On This Day in 1543 and 1992
Posted in General, On This Day on July 12th, 2010 by Eugene Finerman – 28 CommentsHenry VIII and I share a wedding anniversary. Of course, everyone could say that. In my case, the date of Henry’s marrage to Katherine Parr coincides with my marriage to Karen.
We should also consider my other remarkable similarities to Mr. Tudor. Both Henry and I are equally plausible as the head of the Church of England. Henry had syphillis; I certainly tried to–but during the Sexual Revolution I must have been classified as 4-F. Henry had a brother-in-law beheaded; that is on my to-do list.
But how can we compare Katherine Parr and Karen Finerman? They are equally entitled to your pity.
Happy Anniversary to my noble martyr and lovely wife.
and now more about the other bride…
Katherine Parr Borough Neville Tudor Seymour
In choosing Katherine Parr as his sixth wife, Henry VIII made a very sensible choice. By 1543 Henry’s libido was a subject of nostalgia. Her family was established but staid English gentry: no social-climbing Boleyns or power-mad Howards. And her resume was impeccable: she was a virtuous, affable woman who made of a career of being a wife.
Henry was her third husband. In her first marriage, she was a bride at 15 and a childless widow at 19. Apparently infertile and definitely unlucky, the widow was not considered a great catch, But her family found someone. At 21, she was married off to a man twice her age; he basically needed a nurse. (She was his third wife, and his first two marriages had produced an adequate number of children.) At 31, she was a widow again, but with a comfortable income. (Her stepchildren didn’t quibble over her allowance; she really was a nice person.)
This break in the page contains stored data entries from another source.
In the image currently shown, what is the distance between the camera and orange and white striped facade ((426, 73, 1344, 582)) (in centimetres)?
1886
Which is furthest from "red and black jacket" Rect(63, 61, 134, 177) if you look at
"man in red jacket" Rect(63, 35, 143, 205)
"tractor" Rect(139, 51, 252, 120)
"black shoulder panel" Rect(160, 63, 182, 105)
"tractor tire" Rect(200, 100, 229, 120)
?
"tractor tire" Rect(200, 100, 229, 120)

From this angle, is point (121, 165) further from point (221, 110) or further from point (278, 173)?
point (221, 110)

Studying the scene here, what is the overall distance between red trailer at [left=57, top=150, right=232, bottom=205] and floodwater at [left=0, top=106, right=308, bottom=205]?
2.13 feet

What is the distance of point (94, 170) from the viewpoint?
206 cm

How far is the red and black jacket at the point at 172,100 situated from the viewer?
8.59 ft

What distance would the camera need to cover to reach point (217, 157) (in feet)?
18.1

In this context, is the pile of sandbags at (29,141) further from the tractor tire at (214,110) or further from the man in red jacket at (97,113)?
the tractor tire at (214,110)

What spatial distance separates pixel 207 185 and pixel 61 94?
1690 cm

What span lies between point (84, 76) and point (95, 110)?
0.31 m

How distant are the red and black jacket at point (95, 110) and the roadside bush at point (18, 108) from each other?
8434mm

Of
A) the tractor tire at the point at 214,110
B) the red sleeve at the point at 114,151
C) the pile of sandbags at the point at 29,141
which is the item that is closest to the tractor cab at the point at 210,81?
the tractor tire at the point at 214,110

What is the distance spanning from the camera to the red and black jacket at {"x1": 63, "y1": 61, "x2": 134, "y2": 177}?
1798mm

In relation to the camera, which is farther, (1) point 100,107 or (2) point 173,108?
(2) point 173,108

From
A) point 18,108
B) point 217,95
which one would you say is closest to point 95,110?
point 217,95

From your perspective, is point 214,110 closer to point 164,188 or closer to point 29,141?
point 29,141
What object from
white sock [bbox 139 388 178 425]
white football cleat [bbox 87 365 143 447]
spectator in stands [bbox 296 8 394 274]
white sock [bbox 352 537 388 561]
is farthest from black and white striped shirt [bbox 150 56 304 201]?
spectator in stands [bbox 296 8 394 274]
Now the wealthy widow was being pursued by a handsome adventurer, Thomas Seymour. Seymour was the brother of the late Queen Jane Seymour and had stayed in the favor of his mercurial royal brother-in-law. However, that same brother-in-law also wanted a wife. Having the soul of a pimp, Thomas encouraged Henry’s interest in Katherine Parr; after all, she would be an even richer widow as Mrs. Tudor. So Katherine once again was a married nurse, dealing with the obese, gout-strickened Henry. However she wasn’t that good a nurse; Henry died four years later in 1547.
Now Katherine could finally have a handsome virile husband. And Mrs. Thomas Seymour died as the result of it in 1548: childbirth.